The next three pictures show how I used the Greenlee hand punch to cut the large 1 1/4" hole for the impedenced switch. You simply insert the ball bearing threaded screw (with the die attached) through the 3/8" guide hole you cut, screw on the punch and hand turn the top bolt to punch a very clean hole. It is pretty easy and required little effort (at least with aluminum), but if you had to cut a bunch of chassis by hand, it would get tedious - you'd need the hydraulic punch which would be expensive. As I said, once I have a prototype, I'll contract to have a bunch of chassis professionally cut by machine...
Now I use the file to square off the two 3/4" holes I cut to form a rectangular cutout for the AC Inlet. Although time-consuming, I found it to be pretty accurate. I could not think of another way to do this easier. I tried grinding with my dremel tool, by I just ended up destroying the grinding attachments...
Here is what it looked like when it was done. Although the chassis is a bit scratched up - I'll be able to get it shiny and smooth again with some fine grit sandpaper and then steel wool.
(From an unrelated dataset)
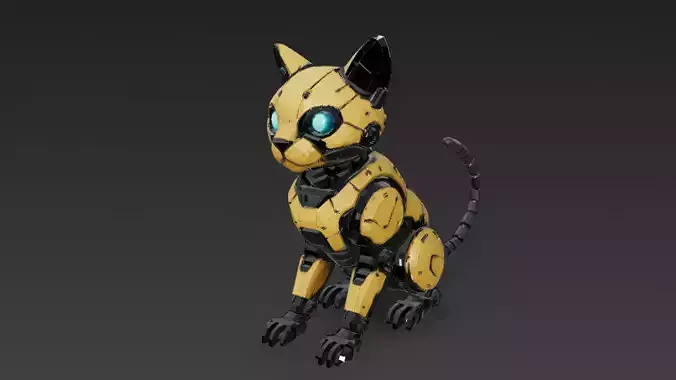 Realistic Yellow Robot Cat PBR 3D Model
It'll look slick, but I'll wait until the top is punched before dealing with making it look nice...
Testing the parts for correct fit - Looks good! (BTW - these pictures show a voltage switch instead of an impedance switch, but it doesn't matter as I have a correctly labeled impedance switch of the exact same size - I was just testing fit and grabbed the wrong one...)
Sitting on my chassis holder waiting for next steps...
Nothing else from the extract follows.